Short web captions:

__________

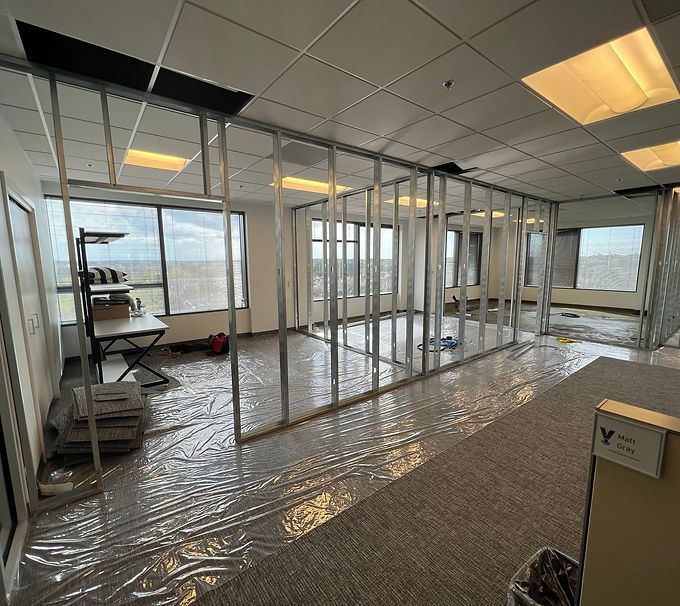 Office under construction with framed glass walls, plastic-covered floor, and ceiling lights.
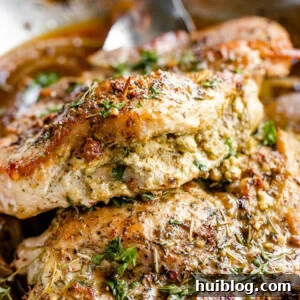 side shot of pesto filling stuffed in pork chops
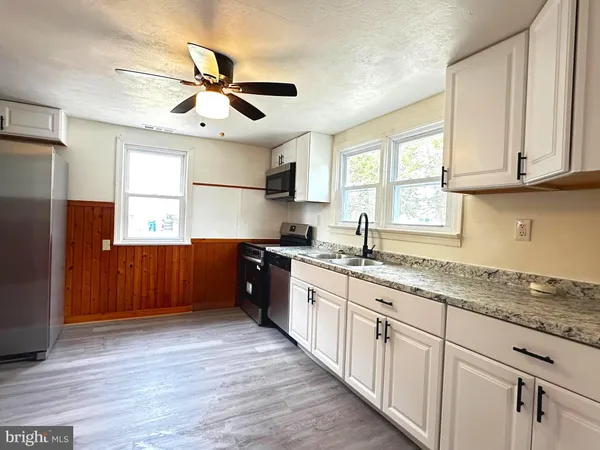 a kitchen with granite countertop a refrigerator a sink and dishwasher with wooden floor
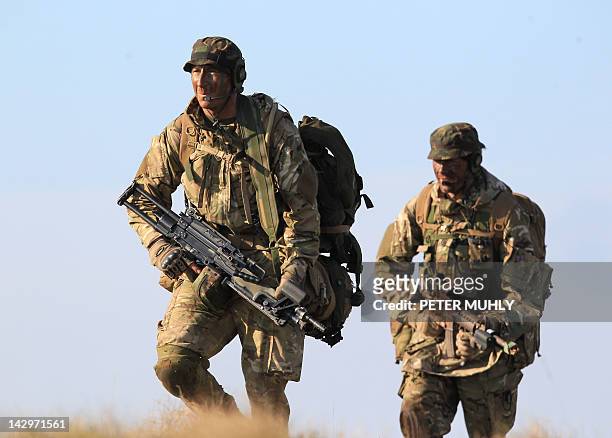 British soldiers secure a landing zone for the 16 Air Assault Brigade during the 16 Air Assault Brigade Exercise Joint Warrior at West Freugh...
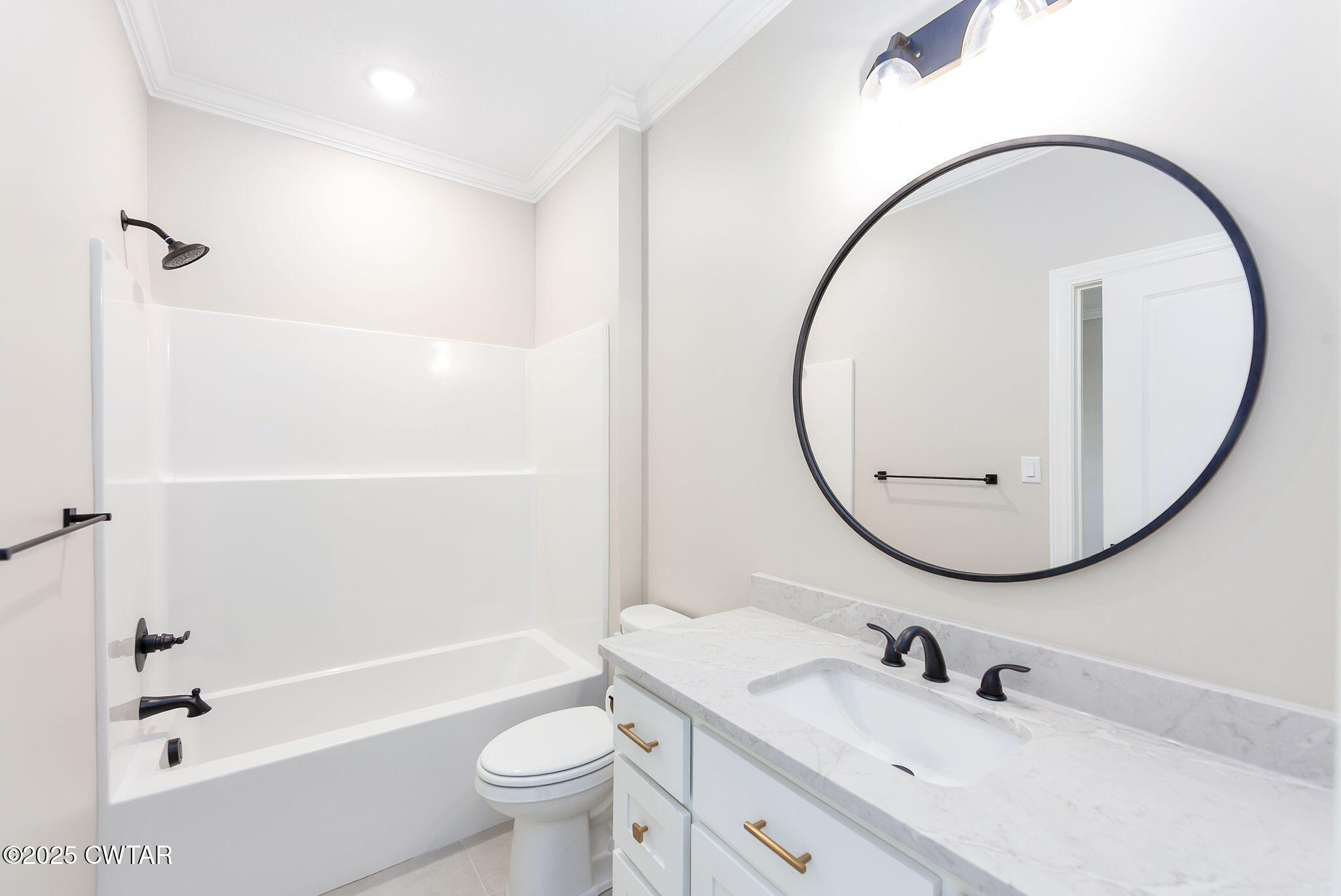 24 Enoch Cove Jackson, TN 38305 - Photo 25 of 30 a bathroom with a sink a toilet and a mirror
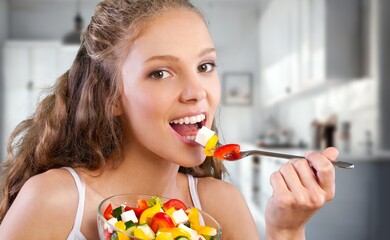 Happy young woman eat salad at home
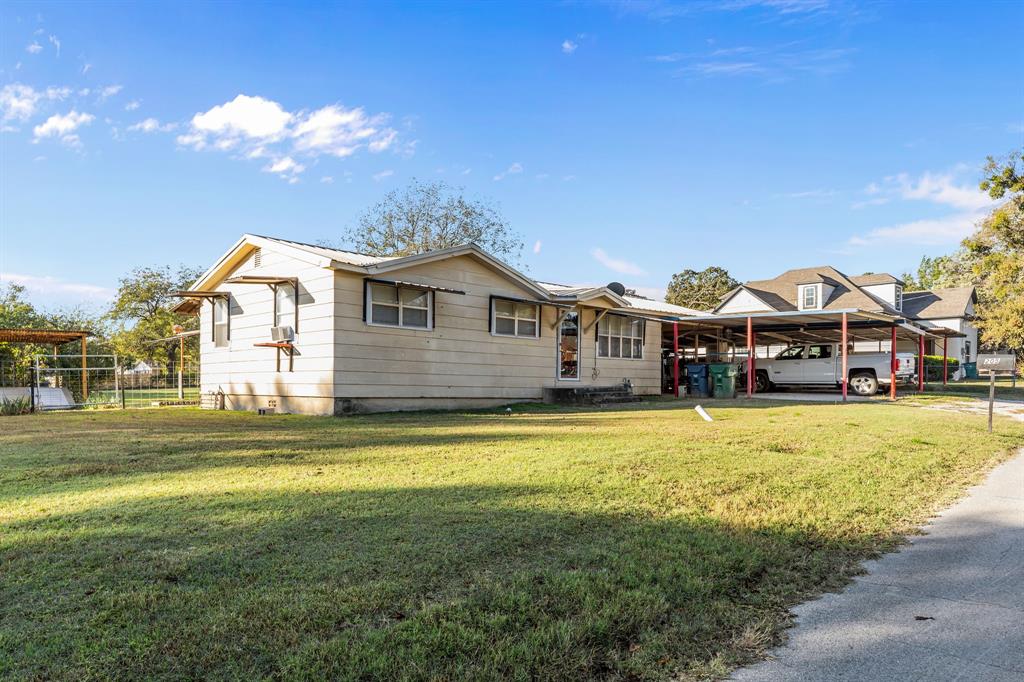 205 College Street Chico, TX 76431 - Photo 5 of 40 a front view of a house with a garden and swimming pool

__________

- WHAT TO DO -
Retype the records verbatim, excluding each image they hold.

- ANSWER TO THE EXERCISE -
 Office under construction with framed glass walls, plastic-covered floor, and ceiling lights.
 side shot of pesto filling stuffed in pork chops
 a kitchen with granite countertop a refrigerator a sink and dishwasher with wooden floor
 British soldiers secure a landing zone for the 16 Air Assault Brigade during the 16 Air Assault Brigade Exercise Joint Warrior at West Freugh...
 24 Enoch Cove Jackson, TN 38305 - Photo 25 of 30 a bathroom with a sink a toilet and a mirror
 Happy young woman eat salad at home
 205 College Street Chico, TX 76431 - Photo 5 of 40 a front view of a house with a garden and swimming pool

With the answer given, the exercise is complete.